24 jun 2017 . Actualizado a las 05:00 h.El destino pasó por la aldea de Nodeirinho repartiendo suerte y desgracia sin un patrón comprensible. Una casa calcinada a la derecha del camino, otra contigua intacta; un gallinero en pie y el galpón de enfrente derretido por las llamas... Sentados a la puerta de las ruinas de su casa, Adelino Fonseca Simões y su mujer apuntan en un folio los esfuerzos de sus vidas que se llevaron las llamas. A dos metros, María Elena, una anciana enlutada, que sale y entra de su vivienda sin creerse aún que la suya esté intacta, se acerca con bolas de pañuelos en las manos que llena de lágrimas cada diez palabras. «Estoy harta de enterrar vecinos», responde tras la pregunta de cómo vive la vuelta a su hogar. Once de los cincuenta residentes de su aldea perdieron la vida en el incendio. «Veíamos el fuego a kilómetros, en Pedrógão, y hasta fuimos mi hija y yo a pasear al pueblo para verlo. Y cuando volvimos a la aldea no pudimos acercarnos a casa», rememora llenando sus gafas de lágrimas. «Era una lluvia de fuego. Aún veo a aquel hombre que quiso escapar hacia el monte y se lo comieron las llamas», dice transmitiendo un dolor en los ojos imposible de olvidar.
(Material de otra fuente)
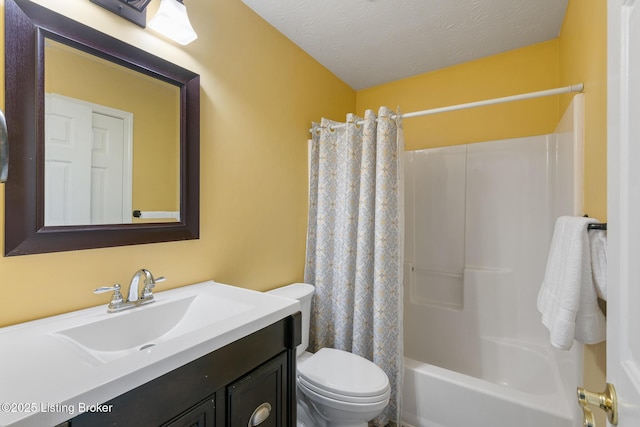 full bathroom with shower / bath combo with shower curtain, vanity, a textured ceiling, and toilet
Todo está ya en orden en el interior de su hogar: luz, agua, teléfono. «Solo la televisión no ha vuelto», pero no le hace falta para que le cuenten la tragedia que marcará la historia de Pedrógão Grande. «Ni las gallinas han vuelto a comer, todo es miedo y pena», dice. Su vecino abre el maletero del coche para mostrar lo que le ha quedado, «y esas dos maletas y el paraguas» que cuelgan de la entrada de lo que fue su casa, la que levantó su padre hace ochenta años. «Condeno a la política portuguesa», exclama en un profundo desahogo y preguntándose por qué nadie ha pasado por su hogar a ver cómo ha quedado, o por qué si se sabía desde tres días antes que había mucho riesgo de incendios «nadie tomo medidas». «Yo sí que tuve siempre la preocupación de limpiar la finca y los alrededores, lo hacía cuando era profesor, cuando fui militar o cuando trabajé en una fábrica. Yo sí me preocupé, pero ahora, aquí ya no tengo nada».
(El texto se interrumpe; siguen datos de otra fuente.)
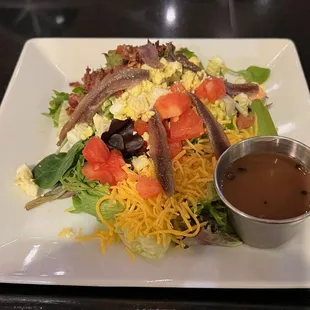 a plate of salad with dressing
Continuar por las serpenteantes carreteras que unen Pedrógão con Góis y Figueiró dos Vinhos da para todo un tratado de interpretación del fuego. Tania, una holandesa afincada en la comarca, demuestra ante las cámaras de televisión que los castaños, robles y olivos hicieron una barrera infranqueable que salvaron su Quinta da Fonte en Figueiró.
A unos diez kilómetros de allí, en la aldea de Figuera, María Pereira y su marido Carlos se afanan en limpiar los rastros de las bolas de fuego, aceite y gasoil que salieron disparadas como proyectiles del tractor aparcado delante de su casa y que explotó al ser devorado por el fuego.
«Estábamos regando y comentando el fuego que veíamos a lo lejos, y en dos minutos vino un huracán y trajo llamas de todas partes. Cerramos todo y escapamos», relatan mientras muestran su casa. «No veíamos nada, alguien golpeó las ventanillas del coche y entró con todos los brazos quemados. Era Gina», su hija y su madre fueron encontradas carbonizadas. «Me queda el consuelo de haberla salvado a ella», dice, mientras Carlos carga contra los que ahora se aprovechan de la tragedia vendiendo falsos seguros a los afectados; haciéndose pasar por policías para entrar en las casas o los que asaltaron viviendas de víctimas mortales. «El hombre es capaz de lo mejor y de lo peor en estas circunstancias», concluye.